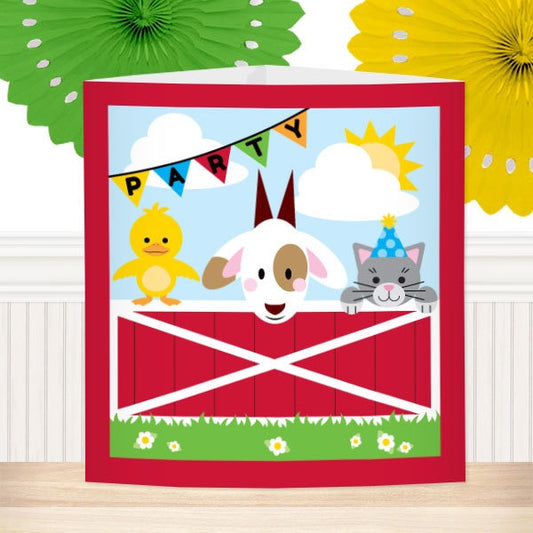 Farm Barnyard Party Centerpiece, 8.5x11 Printable PDF by Birthday Direct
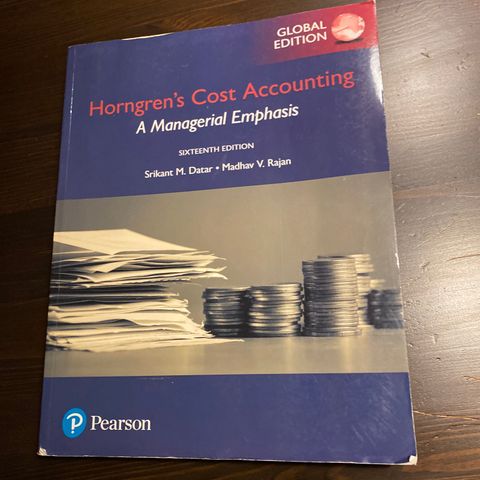 Dakar/Rajan: Horngrens Cost Accounting.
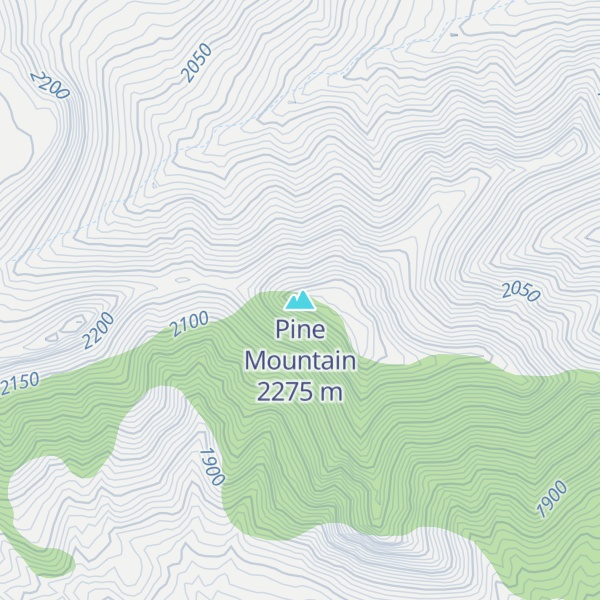 Map of Pine Mountain
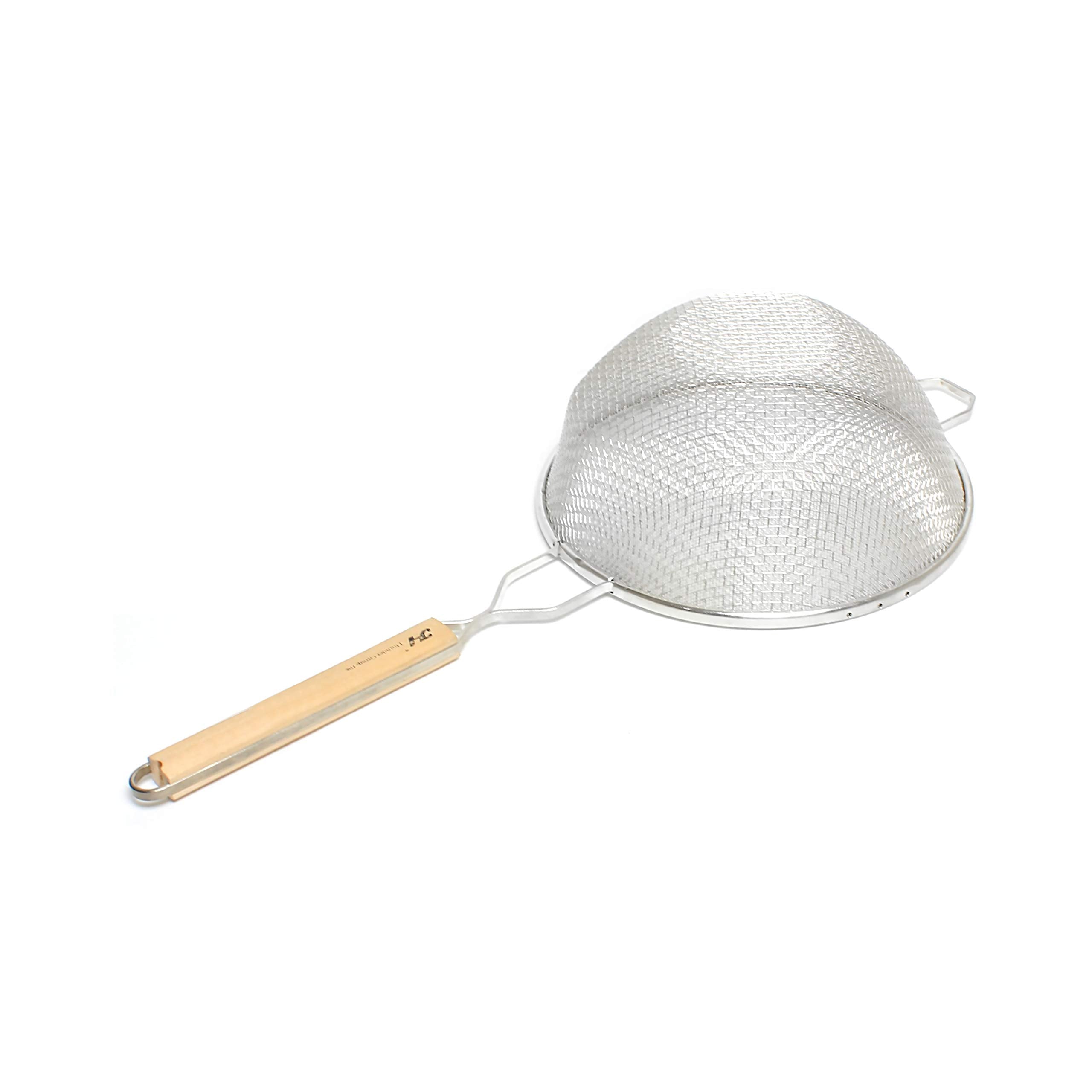 Thunder Group 10-Inch Double Mesh Strainer, Silver Tin, Model SLSTN3410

▶ **Task statement**:
Once the images are removed, print the remaining data exactly as it appears above.

▶ **Reply**:
 Farm Barnyard Party Centerpiece, 8.5x11 Printable PDF by Birthday Direct
 Dakar/Rajan: Horngrens Cost Accounting.
 Map of Pine Mountain
 Thunder Group 10-Inch Double Mesh Strainer, Silver Tin, Model SLSTN3410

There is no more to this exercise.